Pandas version checks
-
[x] I have checked that this issue has not already been reported.
-
[x] I have confirmed this bug exists on the latest version of pandas.
-
[ ] I have confirmed this bug exists on the main branch of pandas.
Reproducible Example
df = pd.DataFrame([{'start': pd.Timestamp('2025-01-01 10:00:00'), 'end':pd.Timestamp('2025-01-01 10:00:15.12345678')},
{'start': pd.Timestamp('2025-01-01 10:00:30.999999'), 'end':pd.Timestamp('2025-01-01 10:00:45')}])
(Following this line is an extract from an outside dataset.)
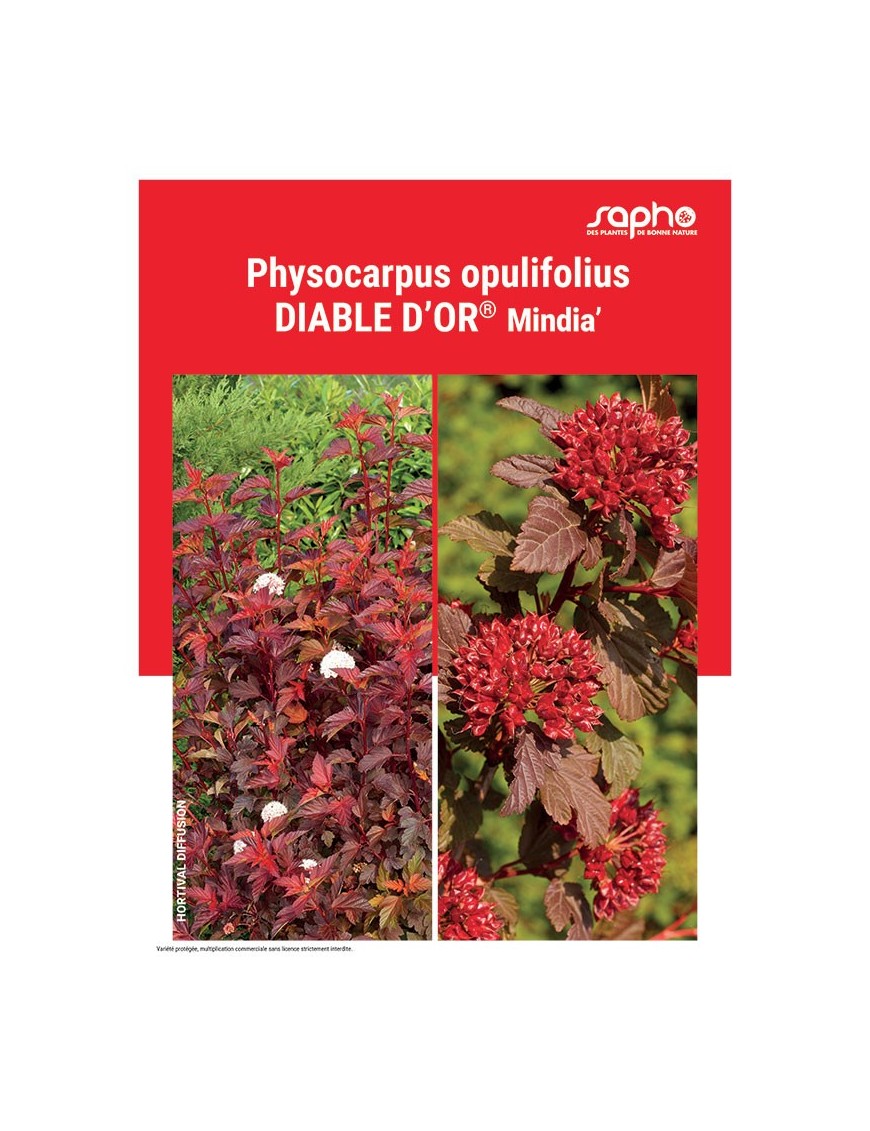 PHYSOCARPUS OPULIFOLIUS "Diable d'Or®"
df['pause_duration'] = (df['start'].shift(-1) - df['end']).apply(lambda x: pd.NA if pd.isna(x) else x.total_seconds())
df['pause_duration'].round(1)
Issue Description
In pandas 2.2.3 rounding of Nan values just silently failed (values did not get rounded) while the same code causes a TypeError in 2.3.0
Sample data preparation:
import pandas as pd
df = pd.DataFrame([{'start': pd.Timestamp('2025-01-01 10:00:00'), 'end':pd.Timestamp('2025-01-01 10:00:15.12345678')},
{'start': pd.Timestamp('2025-01-01 10:00:30.999999'), 'end':pd.Timestamp('2025-01-01 10:00:45')}])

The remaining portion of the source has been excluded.